Continuation from the previous 90 parts, the whole series can be found at http://www.nikoport.com/columnstore/.
Given the improvements and the availability of the of the programability surface for every edition (with some insignificant & logical limitations) that I have blogged about in
SQL Server 2016 SP1 – Programmability Surface for everyone!, I believe everyone using Microsoft Data Platform has rejoyced greatly. Of course, now everyone can have Columnstore Indexes on every SQL Server edition!
There are some noticeable limitations that were announced right from the start, such as the maximum size of the Columnstore Object Pool (you can find more information about it here – Columnstore Indexes – part 38 (“Memory Structures”)), but there are more limitations to the Standard Editions and inferior ones and it is extremely important to know them, to understand them in order to make the right decision – when your Business is ready/needed to upgrade to the Enterprise Edition of the SQL Server.
I have run a number of possible tests against freshly restored Standard Edition of SQL Server 2016 with Service Pack 1 and these are a number of items that I have found to be functioning differently in comparison to the Enterprise Edition of SQL Server 2016 Service Pack1, and this blog post will go through them.
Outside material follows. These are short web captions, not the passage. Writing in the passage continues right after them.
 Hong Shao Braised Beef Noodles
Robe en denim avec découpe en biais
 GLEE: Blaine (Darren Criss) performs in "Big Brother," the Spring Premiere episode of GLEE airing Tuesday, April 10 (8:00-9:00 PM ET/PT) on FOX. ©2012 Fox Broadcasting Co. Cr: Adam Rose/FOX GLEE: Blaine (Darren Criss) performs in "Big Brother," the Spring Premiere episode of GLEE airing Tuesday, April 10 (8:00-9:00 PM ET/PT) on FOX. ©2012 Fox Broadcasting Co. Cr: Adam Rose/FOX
First of all there is a limitation on the Columnstore Object Pool size with 32 GB, which should not be the biggest problem in the real world, because you can still run your queries against TB-big tables, you will simply not being able to keep them inside your memory all the time.
For the setup I will use my favourite ContosoRetailDW free database and the traditional script to restore the database, drop the Primary Clustered Key from the FactOnlineSales table and to create a Clustered Columnstore Index on it:
alter database ContosoRetailDW
set SINGLE_USER WITH ROLLBACK IMMEDIATE;
RESTORE DATABASE [ContosoRetailDW]
FROM DISK = N'C:\Install\ContosoRetailDW.bak' WITH FILE = 1,
MOVE N'ContosoRetailDW2.0' TO N'C:\Data\ContosoRetailDW.mdf',
MOVE N'ContosoRetailDW2.0_log' TO N'C:\Data\ContosoRetailDW.ldf',
NOUNLOAD, STATS = 5;
alter database ContosoRetailDW
ALTER DATABASE [ContosoRetailDW] SET COMPATIBILITY_LEVEL = 130
ALTER DATABASE [ContosoRetailDW] MODIFY FILE ( NAME = N'ContosoRetailDW2.0', SIZE = 2000000KB , FILEGROWTH = 128000KB )
ALTER DATABASE [ContosoRetailDW] MODIFY FILE ( NAME = N'ContosoRetailDW2.0_log', SIZE = 400000KB , FILEGROWTH = 256000KB )
-- Drop the Primary Key from the FactOnlineSales table
ALTER TABLE dbo.[FactOnlineSales] DROP CONSTRAINT [PK_FactOnlineSales_SalesKey];
-- Create Clustered Columnstreo Index on the FactOnlineSales table
create clustered columnstore Index PK_FactOnlineSales
Now, let’s run a couple of queries against our Columnstore Table to see what is functioning differently, when compared to the Enterprise Edition, but before that to make sure I obtain the parallelism easily without torturing Query Optimiser and making the understanding of the article more easy – I have configured a couple of settings for my SQL Server Instance (PLEASE DO NOT DO THIS ON THE PRODUCTION INSTANCE!)
Besides the Max Threshold for Parallelism set to 1, Maximum Degree Of Parallelism set to 8, I have set a whole set of the options through DSC (Desired State Configuration) that we typically apply on the Windows Servers that running SQL Server (including max server memory, IFI, etc).
Let’s advance and execute a simple query that will be forced to run in parallel, to check if it is running with Batch Execution Mode and if everything corresponds to the typical processing of the Enterprise Edition:
set statistics time, io on
select sum(SalesQuantity * UnitPrice )
If we look at the execution plan of our query, it looks quite expectable – running in paralleled doing all the task one would expect it to do:
But should we take a look at the properties of the Columnstore Index scan, there are a couple of very interesting details to uncover:
First of all the Columnstore Index Scan runs with Batch Execution Mode, and that should make everyone very happy (there has never been a Batch Mode on the Standard Edition of SQL Server before 2016 with Service Pack 1), but take a more detailed look at the Actual Number of Batches – it shows that there are only 2 cores doing the work instead of 8 that I have configured for the SQL Server instance and I would expect to function in the Enterprise Edition of the SQL Server.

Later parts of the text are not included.